Let $p_2=ax^2+bxy+cy^2$, $a,b,c \in \mathbb{R}$ with $a \neq 0$; $p_2$ is homogeneous of degree $2$. By 'completing the square trick' we obtain: $p_2=a(x^2+\frac{b}{a}xy+\frac{c}{a}y^2)= a(x^2+2x\frac{b}{2a}y+\frac{b^2}{4a^2}y^2-\frac{b^2}{4a^2}y^2+\frac{c}{a}y^2)= a((x+\frac{b}{2a}y)^2+(\frac{c}{a}-\frac{b^2}{4a^2})y^2)= a(x+\frac{b}{2a}y)^2+a\frac{4ac-b^2}{4a^2}y^2$
Now consider $p_3=ax^3+bx^2y+cxy^2+dy^3$, $a,b,c,d \in \mathbb{R}$ with $a \neq 0$; $p_3$ is homogeneous of degree $3$. Similarly to the above trick we obtain: $p_3=a(x^3+\frac{b}{a}x^2y+\frac{c}{a}xy^2+\frac{d}{a}y^3)= a(x^3+3x^2\frac{b}{3a}y+3x(\frac{b}{3a}y)^2+(\frac{b}{3a}y)^3 -3x(\frac{b}{3a}y)^2+\frac{c}{a}xy^2-(\frac{b}{3a}y)^3+\frac{d}{a}y^3)= a(x^3+3x^2\frac{b}{3a}y+3x(\frac{b}{3a}y)^2+(\frac{b}{3a}y)^3)+ a(-3x\frac{b^2}{9a^2}y^2+\frac{c}{a}xy^2-\frac{b^3}{27a^3}y^3+\frac{d}{a}y^3)= a(x+\frac{b}{3a}y)^3+ a(\frac{c}{a}-3\frac{b^2}{9a^2})xy^2+a(\frac{d}{a}-\frac{b^3}{27a^3})y^3= a(x+\frac{b}{3a}y)^3+ \frac{9ac-3b^2}{9a}xy^2+\frac{27a^2d-b^3}{27a^2}y^3= a(x+\frac{b}{3a}y)^3+ \epsilon xy^2+\delta y^3$ where $\epsilon:=\frac{9ac-3b^2}{9a}=\frac{3ac-b^2}{3a}$ and $\delta:=\frac{27a^2d-b^3}{27a^2}$.

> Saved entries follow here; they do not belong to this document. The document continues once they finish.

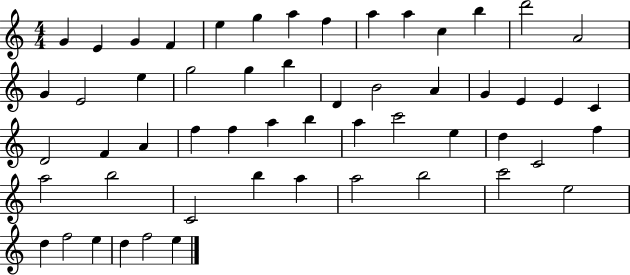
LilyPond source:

{
  \clef treble
  \numericTimeSignature
  \time 4/4
  \key c \major
  g'4 e'4 g'4 f'4 | e''4 g''4 a''4 f''4 | a''4 a''4 c''4 b''4 | d'''2 a'2 | \break g'4 e'2 e''4 | g''2 g''4 b''4 | d'4 b'2 a'4 | g'4 e'4 e'4 c'4 | \break d'2 f'4 a'4 | f''4 f''4 a''4 b''4 | a''4 c'''2 e''4 | d''4 c'2 f''4 | \break a''2 b''2 | c'2 b''4 a''4 | a''2 b''2 | c'''2 e''2 | \break d''4 f''2 e''4 | d''4 f''2 e''4 | \bar "|."
}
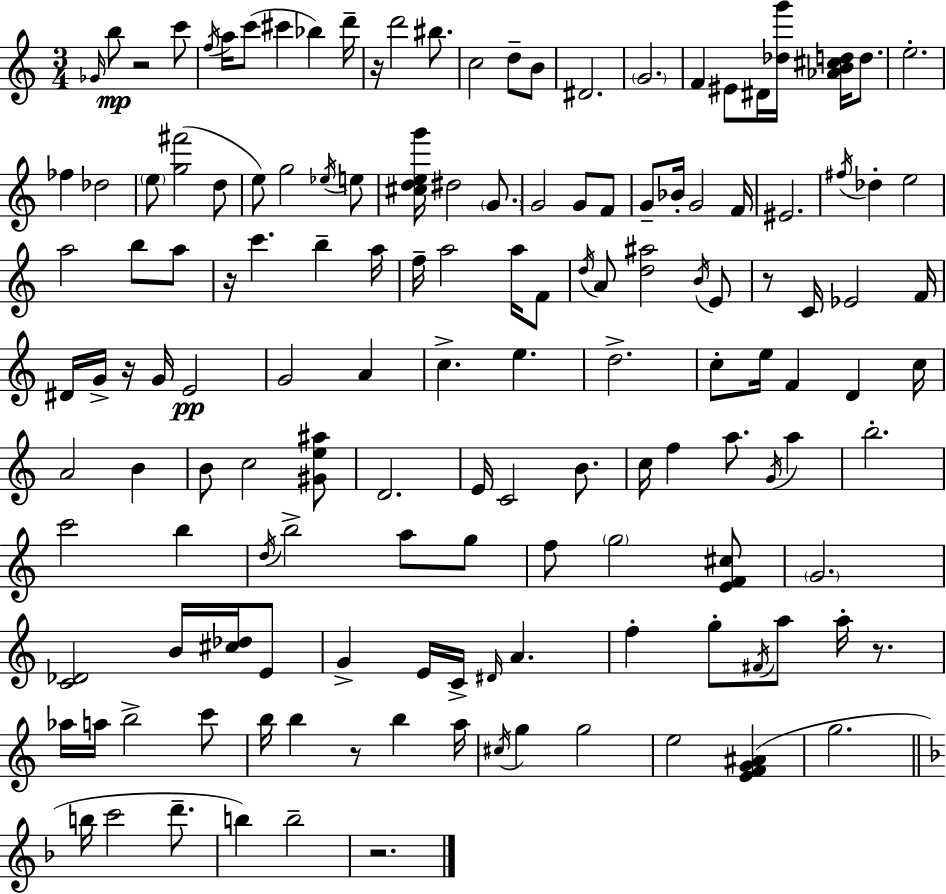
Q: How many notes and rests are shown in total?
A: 144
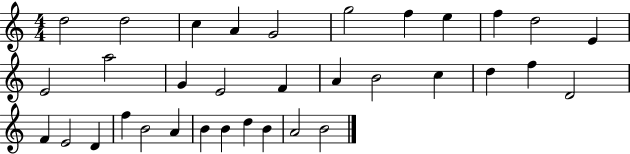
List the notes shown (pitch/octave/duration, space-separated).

D5/h D5/h C5/q A4/q G4/h G5/h F5/q E5/q F5/q D5/h E4/q E4/h A5/h G4/q E4/h F4/q A4/q B4/h C5/q D5/q F5/q D4/h F4/q E4/h D4/q F5/q B4/h A4/q B4/q B4/q D5/q B4/q A4/h B4/h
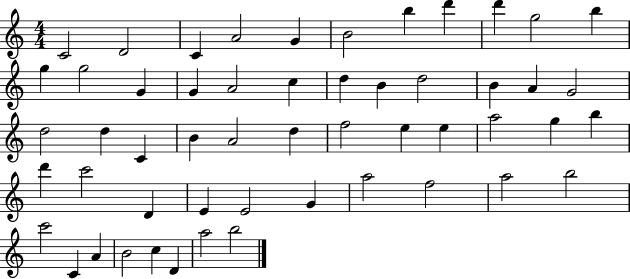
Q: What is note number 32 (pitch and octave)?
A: E5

Now let $G: (x,y) \mapsto (x-\frac{b}{3a}y,y)$; $G$ is an (affine) automorphism of $\mathbb{R}$. We get that: $G(p_3)=G(a(x+\frac{b}{3a}y)^3+ \epsilon xy^2+\delta y^3)= aG(x+\frac{b}{3a}y)^3+ \epsilon G(xy^2)+\delta G(y^3)=ax^3+ \epsilon (x-\frac{b}{3a}y)y^2+\delta y^3= ax^3+ \epsilon xy^2+ (\delta-\epsilon\frac{b}{3a})y^3$
Therefore, $\frac{\partial (G(p_3))}{\partial x}=3ax^2+\epsilon y^2$, in which every monomial has even $x$ degree and even $y$ degree.
Is there a similar trick for higher odd degrees $2n+1 \in \{5,7,\ldots\}$? Namely, can one find an affine automorphism $G$ of $\mathbb{R}[x,y]$ such that every monomial in $\frac{\partial G(p_{2n+1})}{\partial x}$ has even $x$ degree and even $y$ degree. ?

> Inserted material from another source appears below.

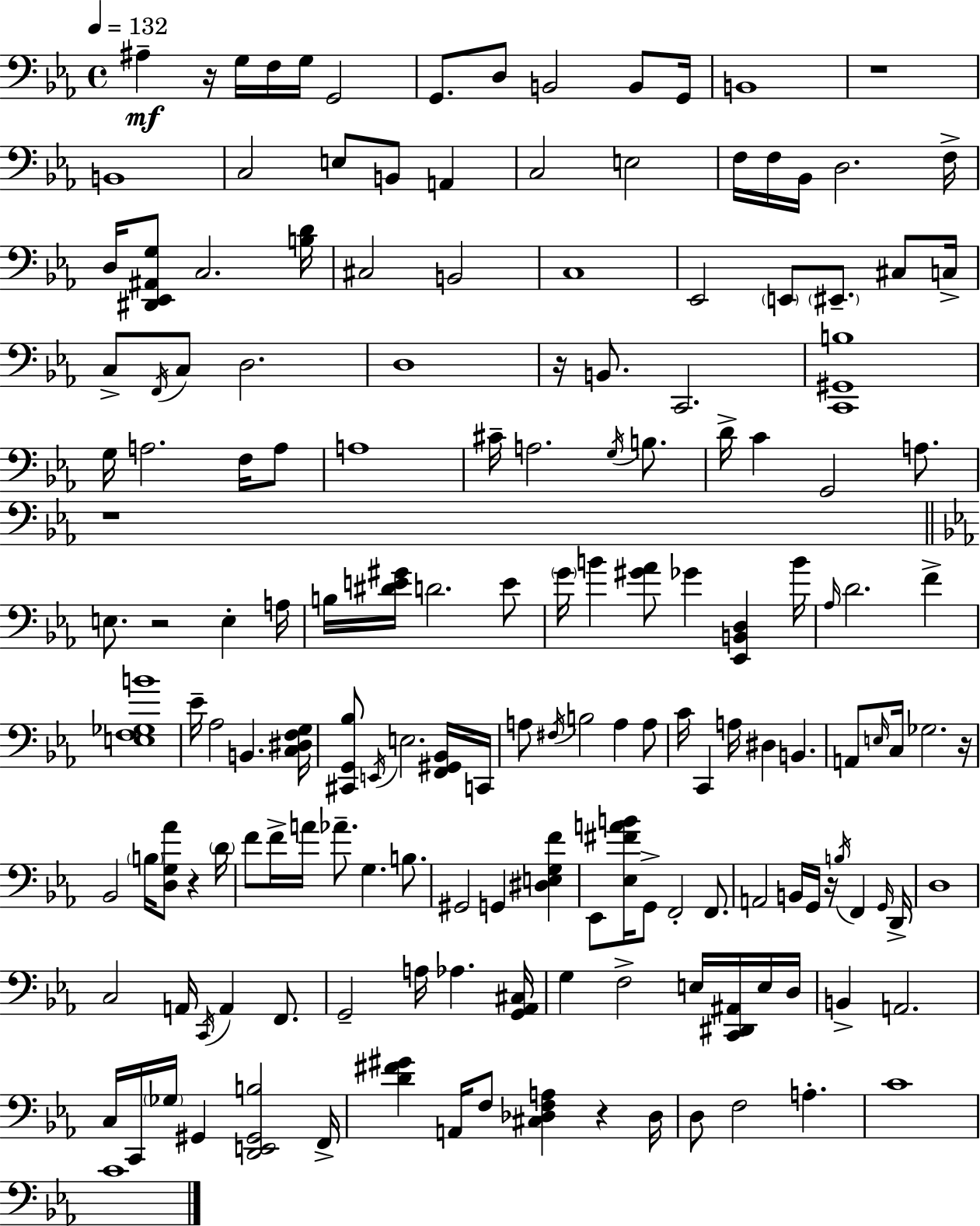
A#3/q R/s G3/s F3/s G3/s G2/h G2/e. D3/e B2/h B2/e G2/s B2/w R/w B2/w C3/h E3/e B2/e A2/q C3/h E3/h F3/s F3/s Bb2/s D3/h. F3/s D3/s [D#2,Eb2,A#2,G3]/e C3/h. [B3,D4]/s C#3/h B2/h C3/w Eb2/h E2/e EIS2/e. C#3/e C3/s C3/e F2/s C3/e D3/h. D3/w R/s B2/e. C2/h. [C2,G#2,B3]/w G3/s A3/h. F3/s A3/e A3/w C#4/s A3/h. G3/s B3/e. D4/s C4/q G2/h A3/e. R/w E3/e. R/h E3/q A3/s B3/s [D#4,E4,G#4]/s D4/h. E4/e G4/s B4/q [G#4,Ab4]/e Gb4/q [Eb2,B2,D3]/q B4/s Ab3/s D4/h. F4/q [E3,F3,Gb3,B4]/w Eb4/s Ab3/h B2/q. [C3,D#3,F3,G3]/s [C#2,G2,Bb3]/e E2/s E3/h. [F2,G#2,Bb2]/s C2/s A3/e F#3/s B3/h A3/q A3/e C4/s C2/q A3/s D#3/q B2/q. A2/e E3/s C3/s Gb3/h. R/s Bb2/h B3/s [D3,G3,Ab4]/e R/q D4/s F4/e F4/s A4/s Ab4/e. G3/q. B3/e. G#2/h G2/q [D#3,E3,G3,F4]/q Eb2/e [Eb3,F#4,A4,B4]/s G2/e F2/h F2/e. A2/h B2/s G2/s R/s B3/s F2/q G2/s D2/s D3/w C3/h A2/s C2/s A2/q F2/e. G2/h A3/s Ab3/q. [G2,Ab2,C#3]/s G3/q F3/h E3/s [C2,D#2,A#2]/s E3/s D3/s B2/q A2/h. C3/s C2/s Gb3/s G#2/q [D2,E2,G#2,B3]/h F2/s [D4,F#4,G#4]/q A2/s F3/e [C#3,Db3,F3,A3]/q R/q Db3/s D3/e F3/h A3/q. C4/w C4/w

The problem is that, for example, for degree $5$ the above trick only yields the existence of an automorphism $H$ such that: $H(p_5)=Ax^5+Cx^3y^2+Dx^2y^3+Exy^4+Fy^5$, and then $\frac{\partial (Ax^5+Cx^3y^2+Dx^2y^3+Exy^4+Fy^5)}{\partial x} = 5Ax^4+3Cx^2y^2+2Dxy^3+Ey^4$, which contains $2Dxy^3$.
Related questions are: i (former question of mine), ii (geometric interpretation) and iii (which is not exactly what I have asked; I did not ask for a sum of squares).
Thank you very much!
By dehomogenizing the equation, this is equivalent to finding a substitution $x\mapsto x+c$ so that after substituting, $p(x)$ has no terms of even degree. This means that the even symmetric polynomials in the roots should evaluate to $0$ after translating all roots by $c$. This is not in general possible: $c$ is uniquely determined by the top two coefficients, and the set of $c$ which work for each individual lower degree coefficients is a Zariski-closed proper subset of $\Bbb R$, ie a finite collection of points. Since the polynomials are algebraically independent (by the fundamental theorem on symmetric polynomials), asking for $c$ to be in each of these subsets is a probability 0 condition.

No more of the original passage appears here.